Milton had a classical education at St. Paul’s School and then Christs College, Cambridge. This may have had some influence on his works, as we shall see later, but this was not the sole influence behind the intellectual feel of his works. Around some time in the late 1630’s, he travelled to Italy and met Galileo. Galileo had just been condemned as a heretic by the Roman Catholic Church for claiming that the Earth revolved around the sun. As a Protestant, this would not have affected Milton – and he himself was no stranger to controversy, with his writings supporting divorce causing him to labelled an advocate of immorality. Galileo was also one of the major intellectual thinkers of the period, and may have helped to shape Milton’s modernity as an intellectual.
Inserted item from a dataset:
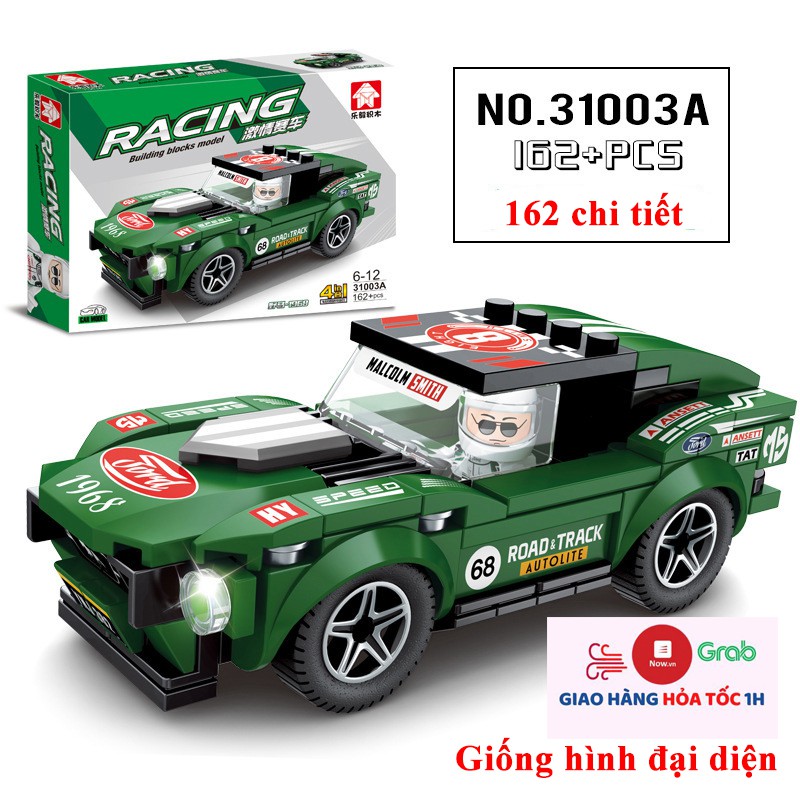 Ảnh Đồ chơi lắp ráp xe ô tô công thức 1 nhiều chi tiết phát triển tư duy cho bé 3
Milton’s early sonnets include “L’Allegro” and “Il Pensoreno”, companion pieces which advocate two styles of life – the carefree and the studious. This would come to be echoed in the diptych style of a lot of Romantic poetry, such as William Blake’s “Songs of Innocence and Songs Of Experience.” His best known sonnet, however, is probably “On His Blindness”, written in 1655. This is the first time that Milton had written about his blindness in poetry – after suffering with deteriorating sight for some years, he had gone completely blind three years prior to the publication of “On His Blindness,” and the way the subject is dealt with was probably not drawn from experience alone. His classical education may once again have had some benefits – the sight and blindness imagery, also conveyed through the contrast of light and darkness imagery, is reminiscent of the classical Greek tragedy, Sophocles' “Oedipus.” Milton would return to the theme of blindness later on in his disturbing verse drama, “Samson Agonistes”, published in 1671. Milton’s best known works are “Lycidas”, an elegy to his Cambridge University friend Edward King, and of course, the great epic “Paradise Lost.” Dictated to his wife due to his blindness and published in 1667, although it is a document of the Fall of humanity, the influence of Dante’s “Divine Comedy” is also prominent. “The Divine Comedy” was the key epic at the time, but distinctly Catholic – “Paradise Lost” is Milton’s attempt to write an epic on the same scale, but in the Protestant tradition.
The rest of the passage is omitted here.